Big business are the corporations which have established themselves as industry leaders in terms of scale and market influence. Academics are the scholars who research and study the world around them, often applying models of thinking developed in the social sciences to better understand the business world.

Start-ups are companies driven by fresh ideas that break from traditional modes of doing business. They have become synonymous with ‘disruption’, often led by entrepreneurs who bring a different perspective to their counterparts in big business. Lastly we have the public sector, who represent the interests of the broader public.

These four groups have one thing in common, at the heart of what they do is people. For big business and start-ups the people are the customers. For academics the people are the various role players, how they interact with each other and their environment. And for the public sector, the people are exactly that, the public. 

Being in the same room with all four groups is rare. Conferences make that possible. The various communities become one. Experience tells us that a conference is an ideal place to create partnerships across communities, which allows each group to connect with each other in order to scale up their brand.

But how do you leverage this stellar opportunity?

  • Prepare for the conference. Have an idea beforehand who will be attending the conference, which allows you to be more direct in who you network with.
  • Be open-minded. While it is important to know who you want to meet or what you want to discuss, you need to be open to meeting people you weren’t planning to. A system like Topco’s Fast Track Network facilitates connecting conference attendees through randomised, short, one-on-one meetings. 
  • See every conversation as an opportunity to connect. You never know who you will meet. You could find yourself having a conversation with the CEO of a multinational corporation who is hiring, or looking to form new partnerships.
  • Take note of who you are seated with and engage with them. Virtual events allow for attendees to be seated at virtual tables that offer chat functions. Unlike in-person conferences, all you need to do is type a message to connect with another person, without the baggage that can come in social settings.
  • Engage on social media. See what attendees are saying about the event on LinkedIn and Twitter. Post, follow, tweet, direct message. Be social.
  • Give feedback. Do your own post-event report and engage with the organisers of the conference. Even a simple “thank you” can go a long way.
  • Follow up. Once you’ve exchanged details and discussed partnerships, make sure you follow up. Whether that be an email or a message on LinkedIn.

Learn from your community

Conferences are teeming with people and brands that have faced challenges and found ways to overcome those challenges. And a common thread around problem-solving is that those who solve problems are often willing to share how they did. 

You also have an opportunity to get insight into trends and the opportunities available in your field. From speakers and other attendees you can learn about approaches and processes that have worked for others. 

But how do you make the most of this opportunity?
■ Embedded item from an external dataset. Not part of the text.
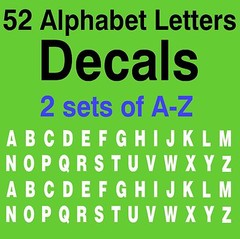 A-Z ALPHABET LETTERS DECALS 1 SET OF 2 26 A-Z LETTERS 52 LETTERS VINYL STICKER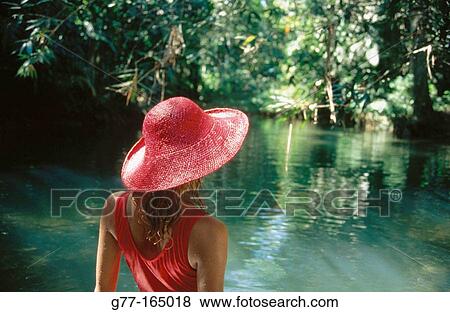 Woman in emerald green water lagoon. Cuba View Large Photo Image Stock Photo - Woman in emerald green water lagoon. Cuba. Fotosearch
  • Know beforehand what the themes and topics to be discussed are. By planning ahead and researching, you can be more direct in your learning.
  • Have an open-mind. Conferences are places where perspectives shift and ways of doing things are updated. While you should be prepared, and know what you are hoping to gain, it is important to come into the conference willing to shed old ways of thinking and ultimately change how you do things. Expect your worldview to be challenged.
  • Make use of the tools available on event hosting platforms like Hopin, where virtual conferences are held. Comment sections and chat functions allow anyone to ask a question, unlike in-person conferences where some people are shy, or are limited in what they can ask. 
  • Continue learning, reinforce lessons learnt. Live sessions at virtual conferences are recorded and archived, allowing you to go back and rewatch what the speaker had to say. One of the ways we learn is repetition. There may be something you missed or something you want to understand better. 
  • Reflect on the ideas that come out of the conference. If it’s a team attending, take time after the event to sit down and share your experiences with each other. If you are part of a team but attend your own, share with the rest of your team what you gained from the conference and get their thoughts before implementing what you’ve learned.

Conferences feature business opportunities, space to network and build partnerships. They are also perfect places to see where your field is heading and learn from those who have gone through what you are going through, or will go through in the future.